So how does the neurotoxin that makes botulism so deadly
work? Clostridium bacteria produce several protein compounds with similar
structures and molecular weights, consisting of two chains of amino acids—one
small and one large. These two amino acid chains are linked together by a
covalent bond between two sulfur atoms, one in each chain. The botulinum toxin proteins
bind to nerve endings where they join muscles, blocking the neurotransmitter acetylcholine,
which ordinarily causes muscle contractions. This blockage is permanent,
paralyzing the muscle until a new nerve ending forms a synaptic connection with
it. Because the process of forming new neuromuscular junctions takes at least 2
or 3 months, the affected muscle will often atrophy in the meantime, causing the
long-term side effects that plague botulism survivors.
Ironically, the very mechanisms that make botulinum toxin so
dangerous give it a wide range of beneficial medical applications.

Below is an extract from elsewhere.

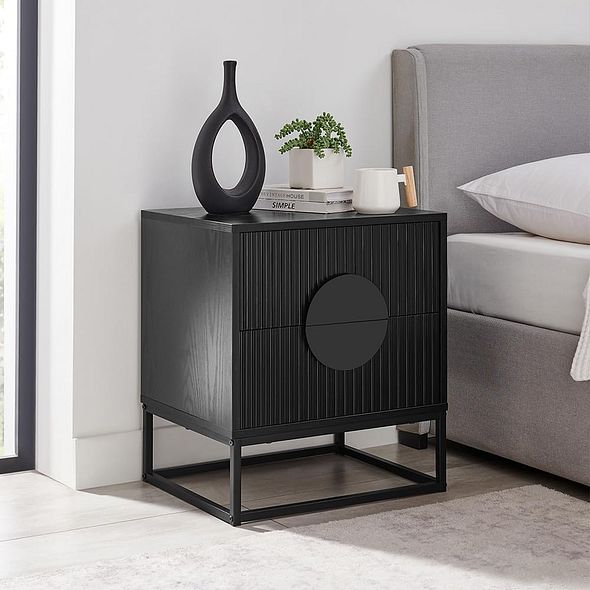Black Bedside Table with 2 Fluted Drawers & Steel Legs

When
botulinum toxin is administered in small, controlled doses, its
muscle-contraction preventing effects make it a viable treatment for neck
dystonia, sustained involuntary eyelid closure, chronic migraines, neurogenic
bladder dysfunction, and other conditions caused by involuntary muscle
movements. In popular culture and tabloid media, Botox’s serious medical
applications are often overshadowed by its cosmetic notoriety: smoothing out
wrinkles. Cosmetic Botox inhibits the neuromuscular activity that leads to
wrinkles, relaxing the surrounding skin. Seeming to reverse one of the telltale
signs of aging may have given botulinum toxin its Hollywood appeal, but its wide
ranging pharmaceutical uses are what continue to fascinate research scientists.
In a nutshell, the molecule botulinum toxin is a toxic
protein made by clostridium botulinum bacteria. In measured amounts, the toxic
protein is marketed as Botox for pharmaceutical uses. When uncontrolled doses
of the bacteria are ingested, however, Clostridium botulinum can result in
deadly cases of muscle paralysis called botulism.
If you are intrigued by the terrible beauty of such a versatile molecule as botulinum toxin, come to Marin Science Seminar on September 30th, at Terra Linda High School, 320 Nova Albion Way, in Room 207 from 7:30 to 8:30 pm, when bioanalysis and pharmacology expert Dr. Erik Foehr will discuss his research on botulinum toxin.
If you are intrigued by the terrible beauty of such a versatile molecule as botulinum toxin, come to Marin Science Seminar on September 30th, at Terra Linda High School, 320 Nova Albion Way, in Room 207 from 7:30 to 8:30 pm, when bioanalysis and pharmacology expert Dr. Erik Foehr will discuss his research on botulinum toxin.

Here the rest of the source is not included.